» **Exercise details**:
Restate word for word the lines of the material below, from the line with "Fabrik-direkte Android Win" to the line with "Spoedmelding ambulance in", both lines included, and no others.

» **Supplied material**:
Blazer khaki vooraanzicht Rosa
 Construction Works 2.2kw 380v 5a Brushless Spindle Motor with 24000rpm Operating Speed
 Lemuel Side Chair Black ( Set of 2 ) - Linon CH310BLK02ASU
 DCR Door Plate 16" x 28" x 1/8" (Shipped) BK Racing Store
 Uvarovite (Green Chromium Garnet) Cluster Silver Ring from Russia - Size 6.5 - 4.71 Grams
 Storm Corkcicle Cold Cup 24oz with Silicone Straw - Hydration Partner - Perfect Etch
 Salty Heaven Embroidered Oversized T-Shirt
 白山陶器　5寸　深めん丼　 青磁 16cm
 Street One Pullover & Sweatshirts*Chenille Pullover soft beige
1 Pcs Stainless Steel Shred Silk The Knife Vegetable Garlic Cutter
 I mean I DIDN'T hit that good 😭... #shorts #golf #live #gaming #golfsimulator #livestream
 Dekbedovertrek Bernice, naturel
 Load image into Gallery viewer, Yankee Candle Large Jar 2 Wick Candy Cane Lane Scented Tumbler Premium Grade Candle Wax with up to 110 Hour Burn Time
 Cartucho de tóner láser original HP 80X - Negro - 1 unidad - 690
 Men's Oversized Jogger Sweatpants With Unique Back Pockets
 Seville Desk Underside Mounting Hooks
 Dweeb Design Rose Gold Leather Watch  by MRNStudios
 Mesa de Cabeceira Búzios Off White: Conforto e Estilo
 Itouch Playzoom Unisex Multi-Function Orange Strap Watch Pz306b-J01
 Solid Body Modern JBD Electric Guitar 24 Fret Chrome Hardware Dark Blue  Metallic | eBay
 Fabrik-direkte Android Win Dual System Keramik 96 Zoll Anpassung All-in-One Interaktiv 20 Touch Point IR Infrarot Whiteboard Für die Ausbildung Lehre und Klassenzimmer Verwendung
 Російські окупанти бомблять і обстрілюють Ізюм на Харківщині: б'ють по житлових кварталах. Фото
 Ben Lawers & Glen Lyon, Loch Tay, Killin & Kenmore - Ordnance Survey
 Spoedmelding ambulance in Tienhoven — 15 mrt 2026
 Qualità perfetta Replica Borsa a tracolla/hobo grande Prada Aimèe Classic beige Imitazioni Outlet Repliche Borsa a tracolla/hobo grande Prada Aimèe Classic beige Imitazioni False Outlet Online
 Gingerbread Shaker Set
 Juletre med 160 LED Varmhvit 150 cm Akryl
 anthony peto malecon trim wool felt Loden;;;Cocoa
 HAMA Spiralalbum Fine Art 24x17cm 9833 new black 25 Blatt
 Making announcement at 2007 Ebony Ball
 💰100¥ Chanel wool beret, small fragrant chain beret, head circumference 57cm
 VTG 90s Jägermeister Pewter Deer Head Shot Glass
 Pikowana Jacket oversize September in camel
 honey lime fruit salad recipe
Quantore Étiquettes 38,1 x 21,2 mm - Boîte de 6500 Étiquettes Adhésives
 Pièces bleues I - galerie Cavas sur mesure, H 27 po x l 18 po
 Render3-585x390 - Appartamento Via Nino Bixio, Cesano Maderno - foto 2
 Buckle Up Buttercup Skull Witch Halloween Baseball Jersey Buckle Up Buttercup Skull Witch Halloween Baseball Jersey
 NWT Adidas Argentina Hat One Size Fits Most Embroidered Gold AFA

» **Result of this exercise**:
 Fabrik-direkte Android Win Dual System Keramik 96 Zoll Anpassung All-in-One Interaktiv 20 Touch Point IR Infrarot Whiteboard Für die Ausbildung Lehre und Klassenzimmer Verwendung
 Російські окупанти бомблять і обстрілюють Ізюм на Харківщині: б'ють по житлових кварталах. Фото
 Ben Lawers & Glen Lyon, Loch Tay, Killin & Kenmore - Ordnance Survey
 Spoedmelding ambulance in Tienhoven — 15 mrt 2026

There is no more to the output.